Vierzonitude a lu le livre du journaliste et député de la France insoumise, François Ruffin, "Ce pays que tu ne connais pas". Une lecture adressée à Emmanuel Macron. On aime ou pas François Ruffin. Peu importe. On aime ou pas Emmanuel Macron. Peu importe. Mais comment résumer une opposition idéologique, philosophique et politique à une détestation aussi rance ? Comment vouloir imposer l'idée que la gauche telle que la vit François Ruffin à travers ses certitudes est la seule bien-pensante ? Que les gens fréquentables sont justement ceux qu'ils fréquentent ?
Le défaut majeur de ce livre, c'est la dénonciation d'un mépris de classe, flagrant, lourd parfois.

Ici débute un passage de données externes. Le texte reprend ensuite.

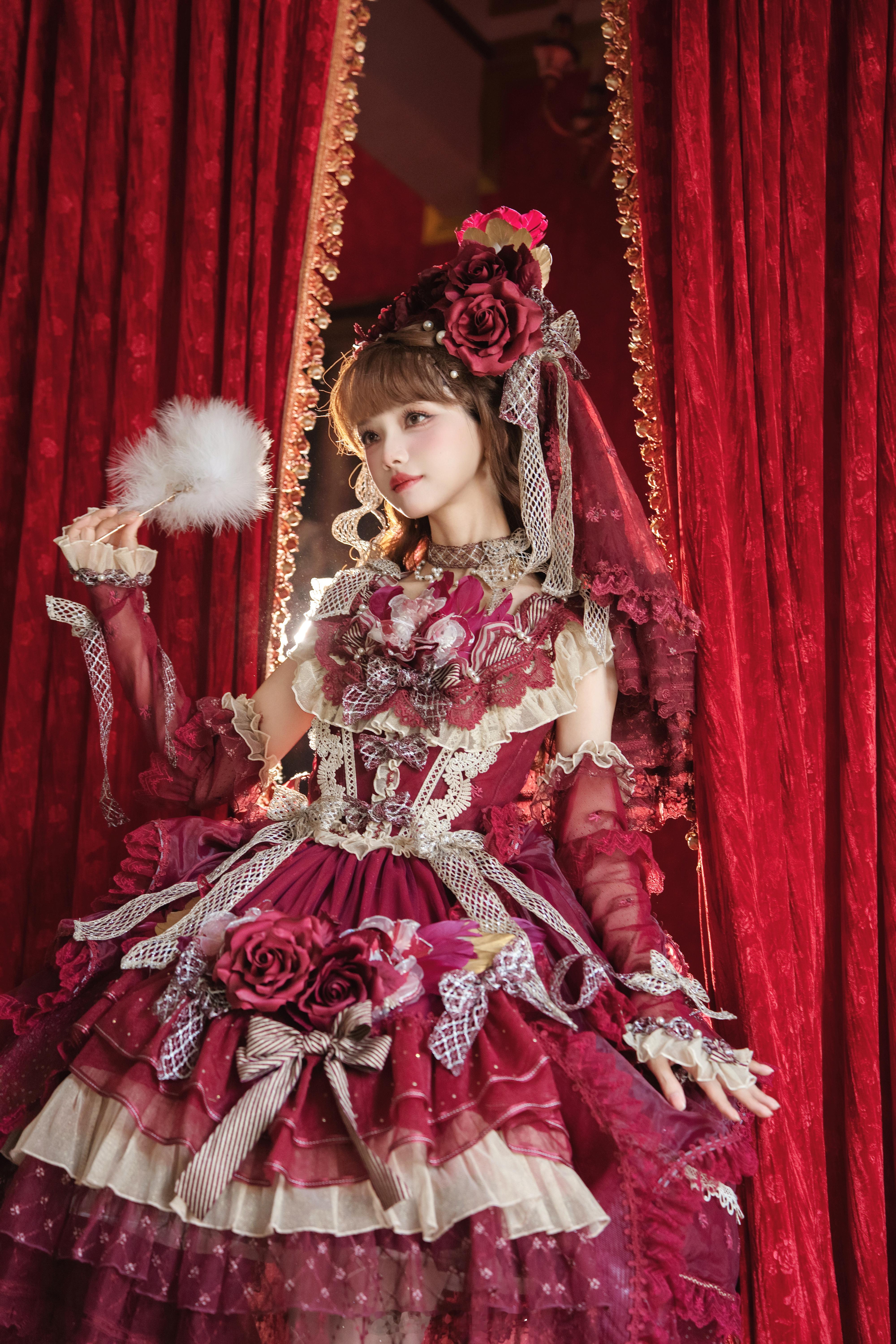 ❄️雪国的蔷薇公主-红金🧚🏼‍♀️：猫梓子💅：茶茶👗elpress ll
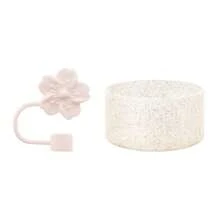 SUGAW 2 piezas Accesorios de botella de agua de silicona, Funda de taza con purpurina de 2.95 pulgadas, Tapa de pajita con flor de hibisco (se ajusta a pajitas de 10 mm), Accesorios de taza hermosos y a la moda, anti-polvo, anti-caídas, y de reducción de ruido, adecuados para fitness, actividades al aire libre, decoración de tazas, compatibles con, regalo del Día de la Madre, útiles escolares de regreso a clases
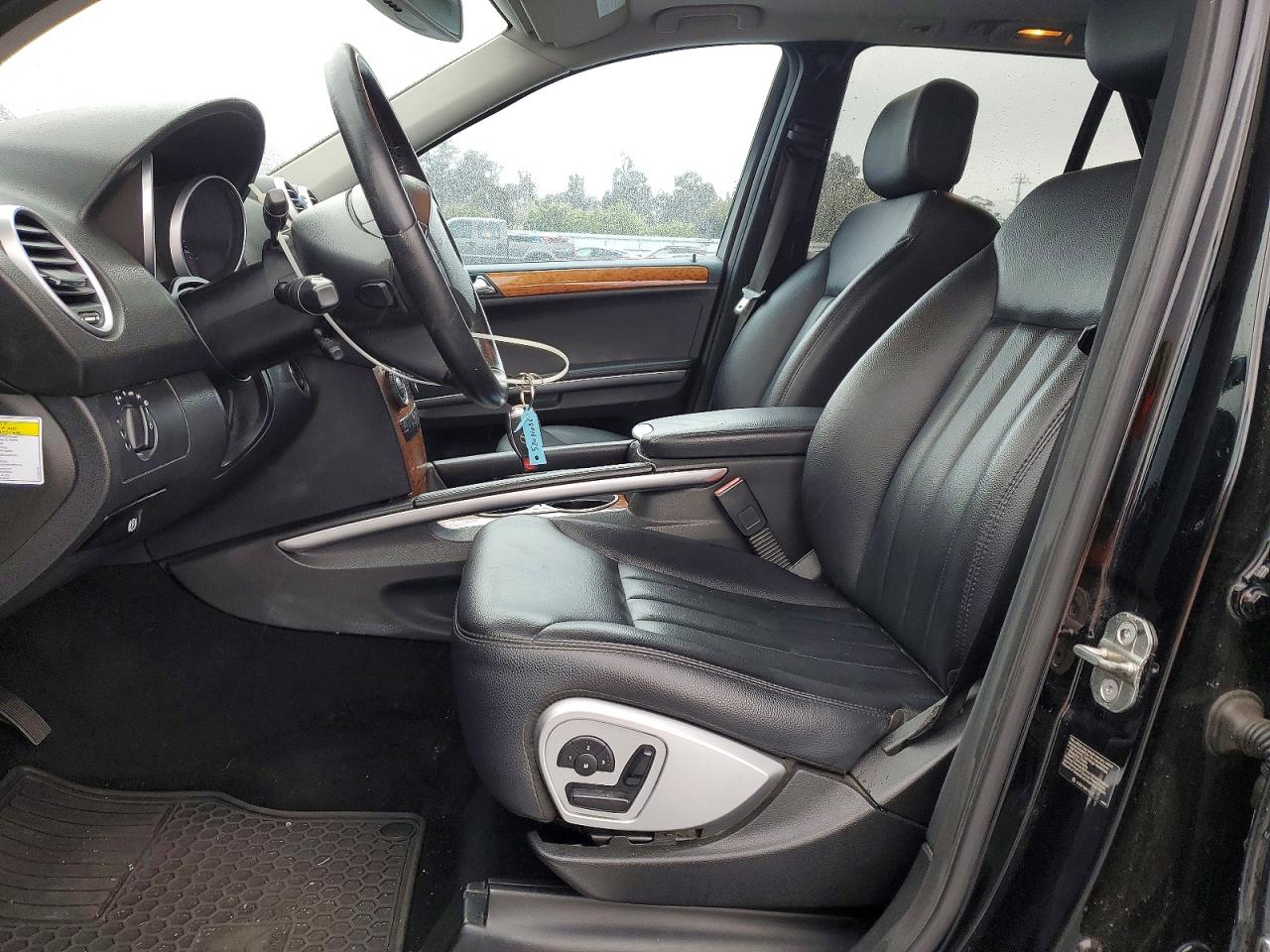 Mercedes-Benz M-Class 350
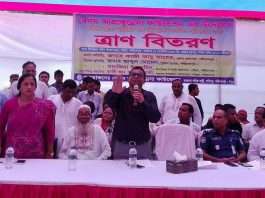 শরীয়তপুরের নড়িয়ায় পদ্মার ভাঙন কবলিতদের মাঝে ত্রাণ বিতরণ করছেন, এনামুল হক শামীম।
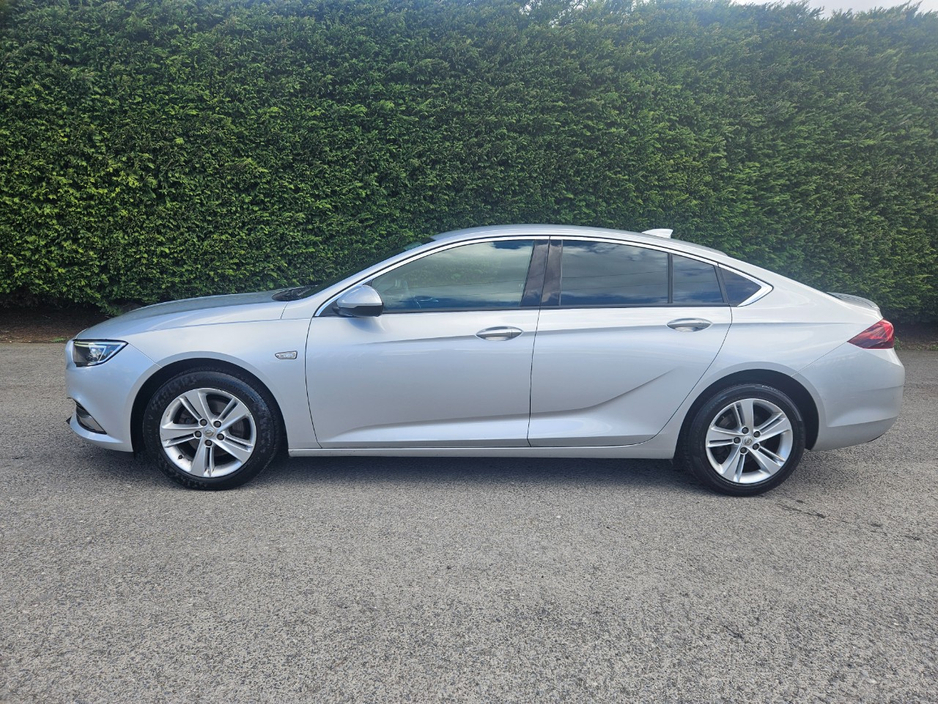 2018 Opel Insignia - image 3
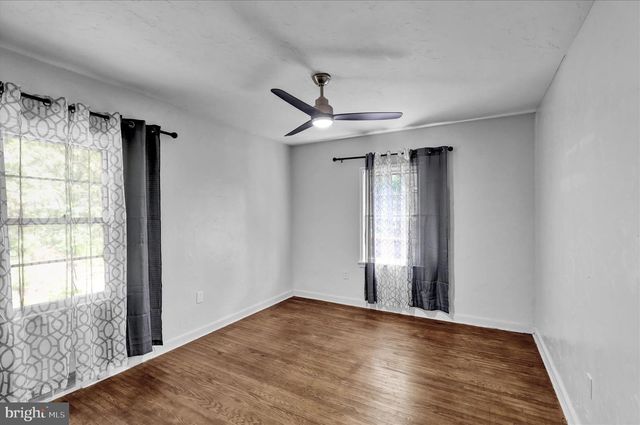 1815 HOLLY RD, Reading, PA 19602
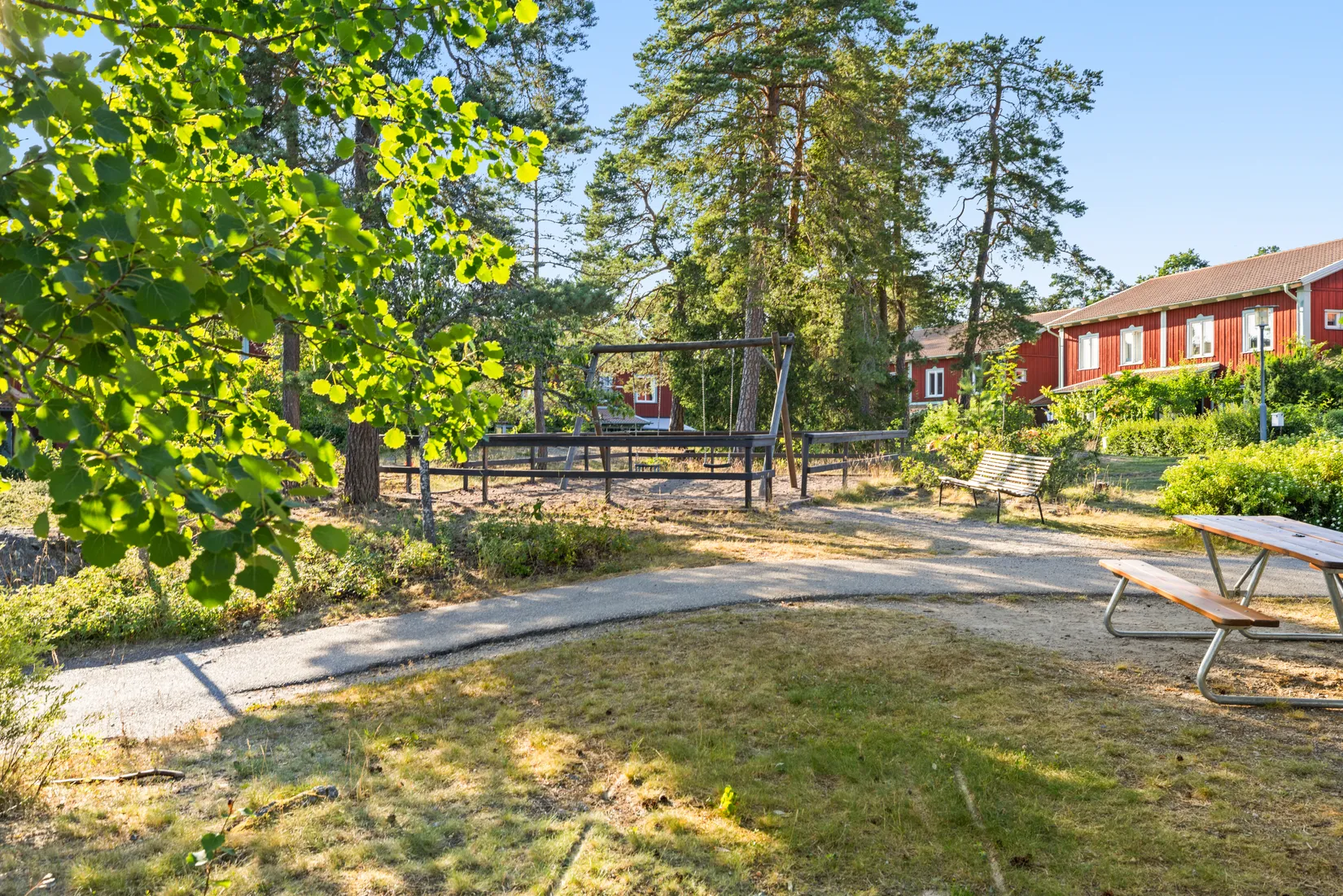 Radhus, Brittsommargränd 3, Tyresö Strand, Tyresö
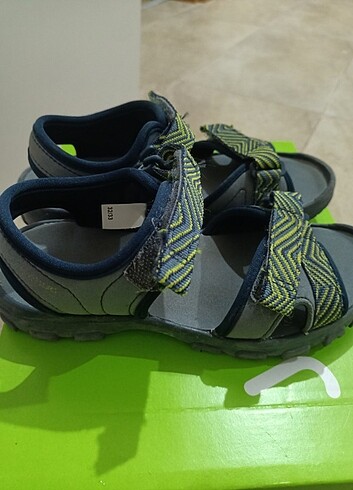 Spor sandalet
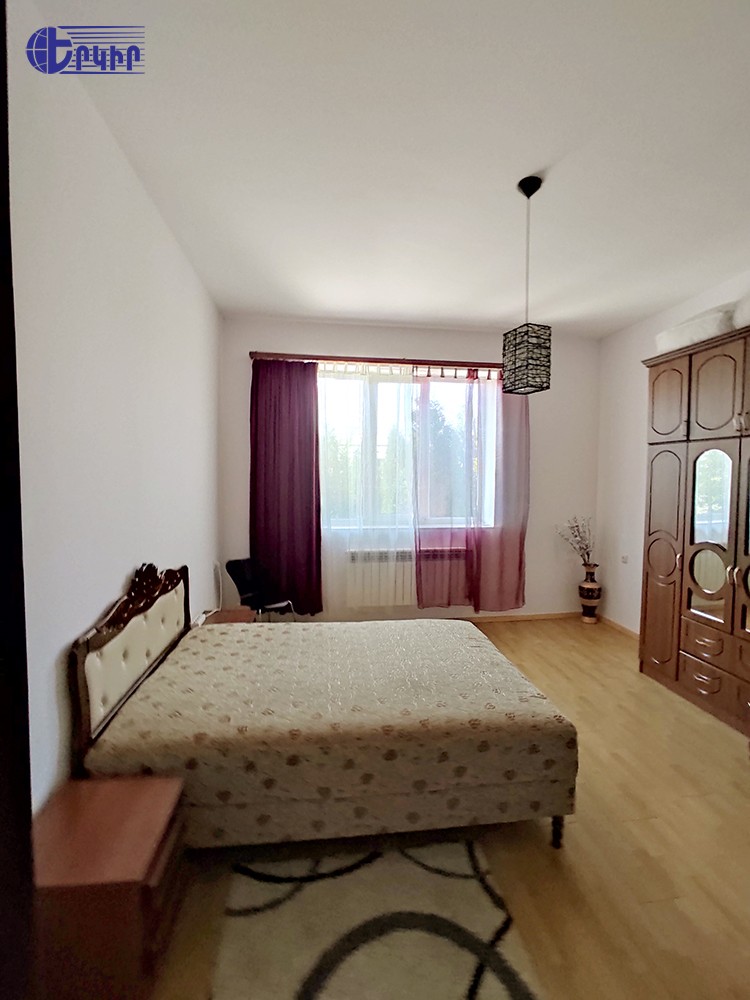 Առանձնատներ Կոդ` 8+50805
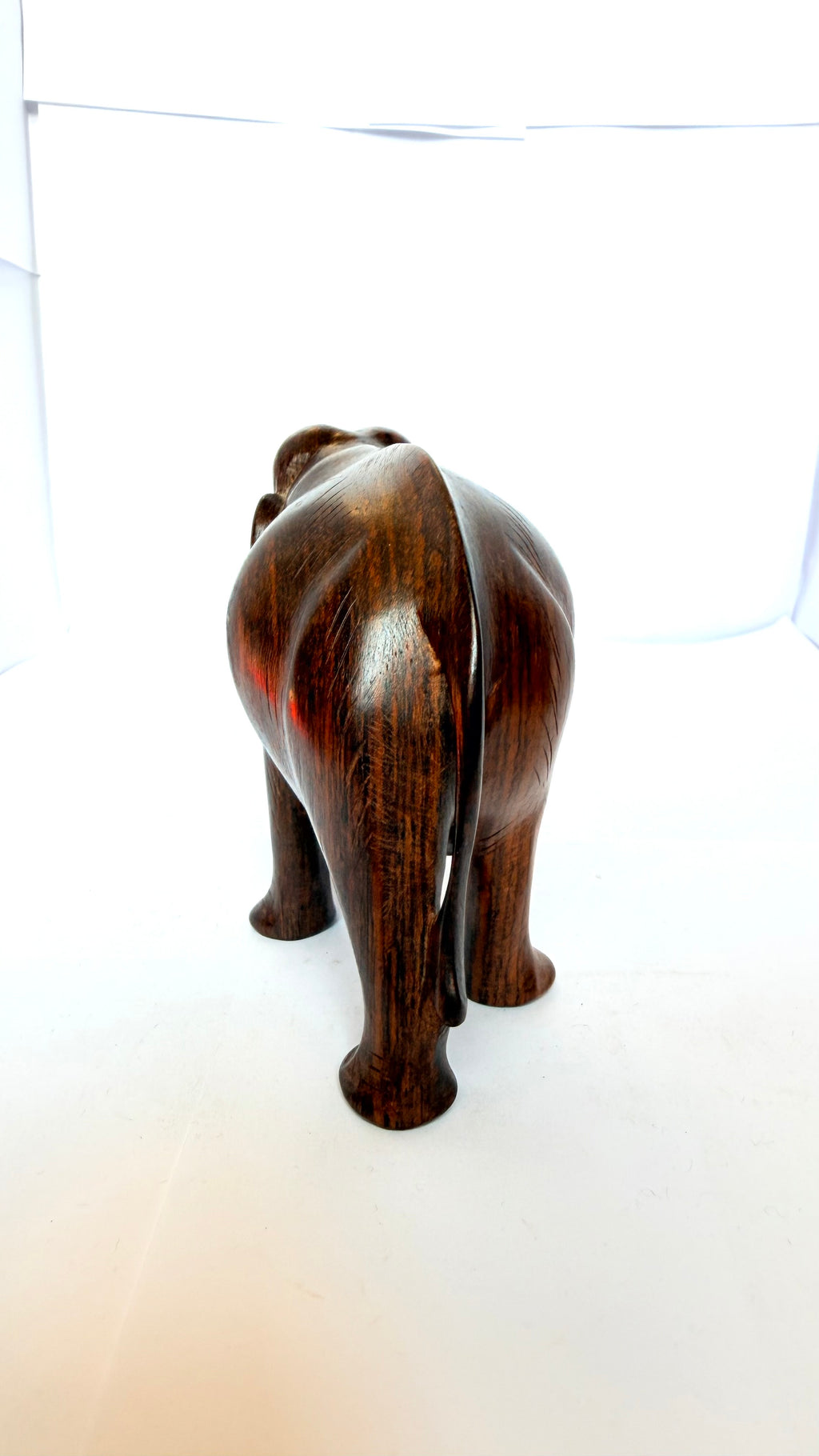Statuetă din Lemn – 13,5 × 6,5 × 10,5 cm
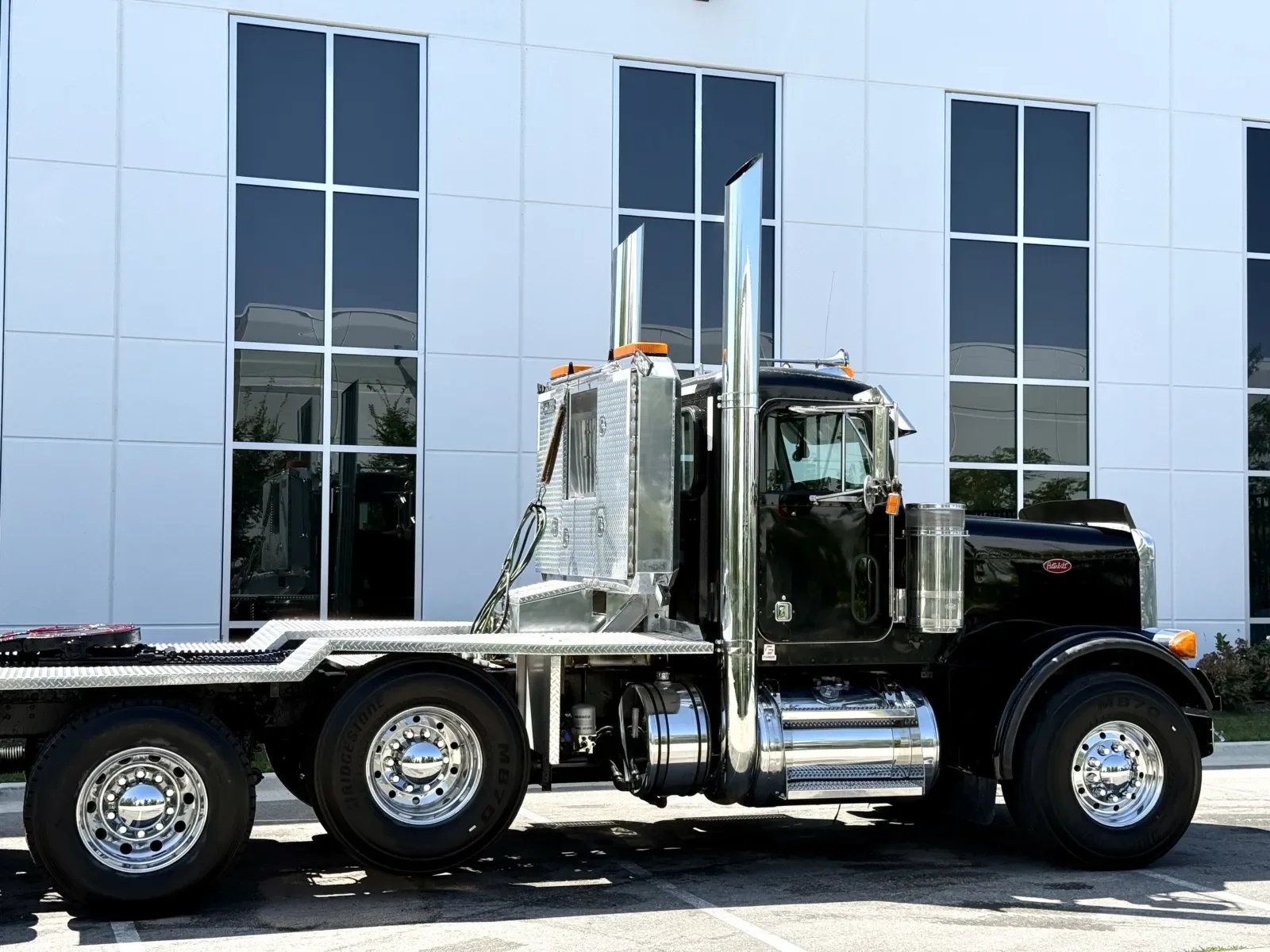 2004 Peterbilt 379 in New Lenox, IL — photo 7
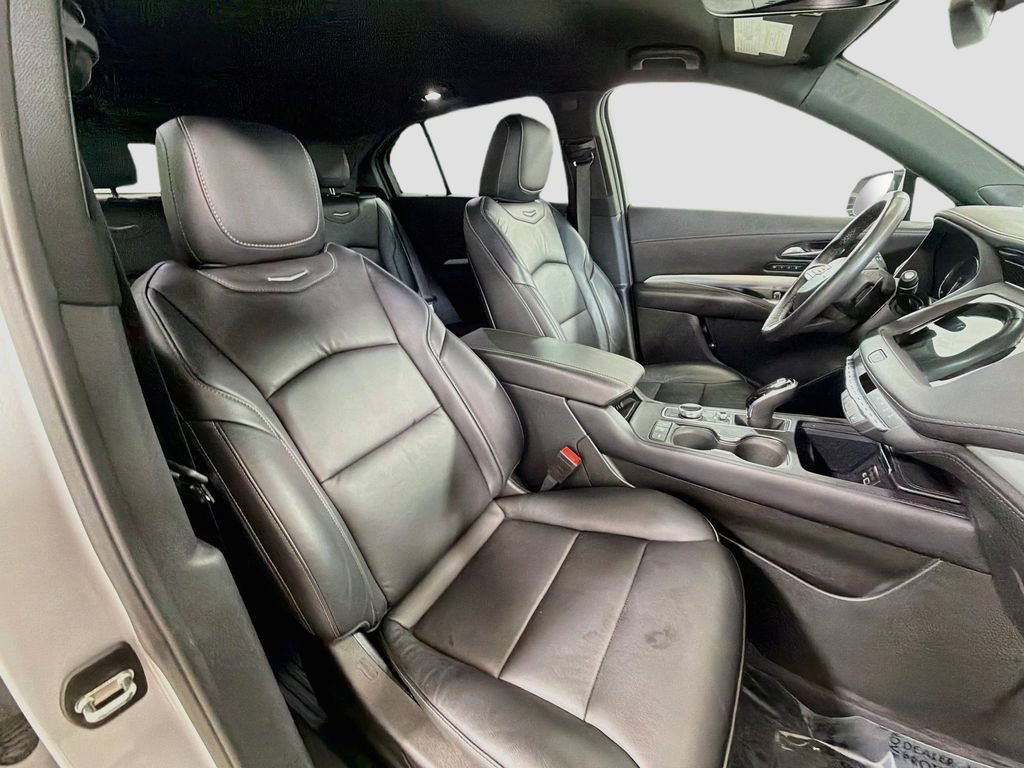 Used 2022 Cadillac XT4 Premium Luxury w/ Safety Alert Package AWD/4WD image 29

Pas celui que peut avoir la bourgeoisie, les riches, la caste, la France d'en haut envers celle d'en bas, non, mais l'inverse, le mépris de classe envers tout ce qui n'est pas ce qu'aime François Ruffin. C'est son combat. Sa came. C'est légitime. Sauf lorsque le débat qu'il porte, et qui n'est pas sans intérêt, servi, en plus, par une écriture efficace, dérape sur le délit de sale gueule, le rejet physique, les doutes gratuits distillés entre parenthèses. le propre du débat, c'est le respect. François Ruffin discrédite sa pensée par ce dénigrement qui n'est ni politique, ni vraiment respectueux.
Ils sont de la même ville, du même établissement scolaire, ils ont bifurqué. Peut-on le reprocher à l'un comme à l'autre ? Va-t-on reprocher à François Ruffin, même si c'était son désir, d'être journaliste à Fakir, de vouloir boire les paroles des invisibles ? Noble cause. Il n'est pas le seul à porter à bout de bras, une partie de la France oubliée. D'autres journaux, de gauche aussi, le font régulièrement. Ce qui dérange, ce qui gâte la lecture, c'est cette détestation dressée en statue, en modèle, ces traits haineux. Reproche-t-on à François Ruffin d'avoir été élu député ? Doit-on haïr la réussite sociale pour être apprécié de François Ruffin ? A partir de quand est-on riche et donc, on tombe dans le ravin qu'ouvre le député sous les pieds de ceux qu'ils condamnent comme étant du mauvais côté.
C'est là où l'on ne comprend plus le chemin au bout duquel veut nous mener le journaliste-député qui côtoie les gilets jaunes, les salariés pauvres, les personnes sans-emploi, les ouvriers. Mais pourquoi creuser une tranchée aussi profonde entre deux mondes qui ne se comprennent déjà pas ? Ce n'est pas 2019 qui a engendré les injustices sociales et salariales. La caste, les bourgeois, les riches ne sont pas apparus au XXIème siècle. Le livre de François Ruffin fourmille de témoignages poignants, de vérités sèches qui claquent comme des gifles mais salvatrices.
Mais ce remugle entretenu tout le long des pages, cette haine facile contre tout ce qui n'est pas lui semble être une posture dont il veut fair une mode. Alors, qui ne haït pas son riche, son bourgeois ? Qui ne rêve pas d'être "riche", sinon comment expliquer les profits de la Française des Jeux ? Qui ne rêve pas d'avoir beaucoup d'argent, de s'exonérer du réel ? On peut fustiger l'inégalité planétaire qui fait qu'une poignée de milliardaires se partagent le monde. On peut, et c'est nécessaire, souhaiter renverser la table pour un modèle plus équitable, on peut espérer plus d'argent à ceux qui en manquent sans pour autant en souhaiter moins à ceux qui en ont beaucoup. Mais pas selon la méthode de François Ruffin qui consiste à entretenir l'adversité, le rejet de l'autre, le mépris. Allégé de ce poids, ce pourrait être un bon livre.